STATE of Minnesota, Respondent, v. Michael D. DANAHER, Appellant.

No. 43014.

Supreme Court of Minnesota.

April 7, 1972.

Wangensteen & Perry, Minneapolis, for appellant.

Warren Spannaus, Atty. Gen., St. Paul, George M. Scott, County Atty., David G. Roston, Henry W. McCarr, Jr., Asst. County Attys., Minneapolis, for respondent.

Heard before MURPHY, PETERSON, KELLY, and NELSON, JJ.

PER CURIAM.

Defendant was indicted for first-degree murder for the shooting death of his estranged wife's boyfriend, which occurred on December 19, 1965. Subsequently, he pled guilty to second-degree murder and was sentenced according to law. His term *426 was thereafter commuted to 10 years and on January 27, 1972, defendant was released on parole. This appeal is from an order denying his postconviction motion to withdraw his guilty plea. Defendant contends that his plea was based upon mistaken information from his attorney that the state could require defendant's wife to testify concerning facts which she observed at the time of the shooting. Furthermore, defendant asserts that he made certain statements at a psychiatric examination which negate a factual basis for the intent to kill. Finally, defendant argues that the plea should not have been accepted when the defenses of self-defense and extreme provocation were available.

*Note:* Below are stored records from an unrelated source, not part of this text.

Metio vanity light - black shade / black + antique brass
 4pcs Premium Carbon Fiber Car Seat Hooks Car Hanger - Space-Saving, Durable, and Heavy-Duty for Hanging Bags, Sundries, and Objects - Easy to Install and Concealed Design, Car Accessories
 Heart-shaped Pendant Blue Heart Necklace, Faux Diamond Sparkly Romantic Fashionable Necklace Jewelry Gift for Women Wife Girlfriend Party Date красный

A review of the postconviction record and the facts surrounding the shooting indicates that the reason for defendant's plea was the distinct possibility that a jury might find him guilty of first-degree murder. At the hearing defendant stated that the counsel he had chosen had explained to him the elements of first-degree murder and of second-degree murder and that he had understood them. He was also advised that there was a good chance he would be found guilty of first-degree murder and that he would probably spend less time in prison if he pled guilty to the second-degree charge than if convicted of first-degree murder. His attorney advised him that a self-defense plea would not succeed. Even if his wife could have been kept from testifying against him, other evidence available to the state was such that he could have been found guilty of murder in the first degree and there was little or no chance of a claim of self-defense being successful.[1]

An application to withdraw a plea of guilty is addressed to the sound discretion of the trial court. There was no proof of any manifest injustice which it was necessary to correct by permitting a withdrawal of the guilty plea.[2]

The order is affirmed.

NOTES

[1] A.B.A. Standards for Criminal Justice, Pleas of Guilty, Part II, Withdrawal of the Plea.

[2] Waiving trial involves a risk that an attorney's assessment of the law or facts might later prove to be erroneous. Cf. McMann v. Richardson, 397 U.S. 759, 90 S. Ct. 1441, 25 L. Ed. 2d 763 (1970); McLaughlin v. State, 291 Minn. 277, 190 N.W.2d 867 (1971).